Eddie Gossage, Texas Motor Speedway president 

Some of the drivers' unofficial statements in the weeks after the Las Vegas tragedy about the proper placement of materials in the fencing around ovals was interesting, and I understand their response was emotional. Whatever the order of materials around the Las Vegas Motor Speedway, it was going to be wrong in their eyes. However, according to our engineers who've studied this for years, the way we have it placed at Texas Motor Speedway – from the racetrack to the grandstand it goes SAFER barrier, wall, cables, upright posts, mesh fencing – is the best way and it won't be changed. It is the safest for the drivers and safest for the fans.

The talk of reinforced Perspex- or plexiglass-type material as a substitute for fencing is just talk and has never been tested in any scientific setting at all. If we knew it worked, that would be a great concept worth looking at, sure. But how thick would such a material have to be to absorb the impact of a flying racecar at 220mph? And how soon would it yellow and distort the views of the people in the grandstands?

And then there is the expense. It goes without saying that all of us in the sport want it to be safer, and whatever we can do we will do.

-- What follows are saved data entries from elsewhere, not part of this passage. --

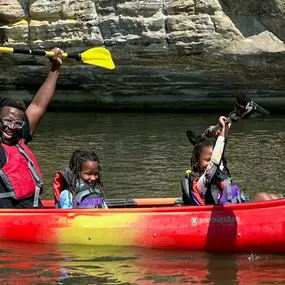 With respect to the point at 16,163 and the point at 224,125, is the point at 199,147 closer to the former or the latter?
the point at 224,125

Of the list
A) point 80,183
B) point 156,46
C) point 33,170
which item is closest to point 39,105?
point 33,170

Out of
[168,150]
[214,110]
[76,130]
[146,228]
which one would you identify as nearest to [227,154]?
[168,150]

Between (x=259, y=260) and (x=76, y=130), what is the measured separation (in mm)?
8628

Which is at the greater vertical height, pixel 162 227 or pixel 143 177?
pixel 162 227

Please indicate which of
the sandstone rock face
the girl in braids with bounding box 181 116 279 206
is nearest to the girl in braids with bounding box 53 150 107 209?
the girl in braids with bounding box 181 116 279 206

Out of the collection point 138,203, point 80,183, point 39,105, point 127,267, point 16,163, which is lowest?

But there has to be a cost analysis brought in, too. If foot-thick plexiglass around a 1.5-mile track costs you X amount of dollars to purchase and install, and we make Y amount of dollars from an IndyCar race and there's a huge difference between X and Y, then where's our return on any investment?

I know I'm going to get blasted for that comment by angry people saying, “Well, what's a life worth?” I'm saying every life is precious, and therefore if IndyCar were to decide that such an investment was necessary, then we'd probably be better off saying, “OK, we won't run IndyCars.” If you're not making a lot of money, you're not in a position to make a demand.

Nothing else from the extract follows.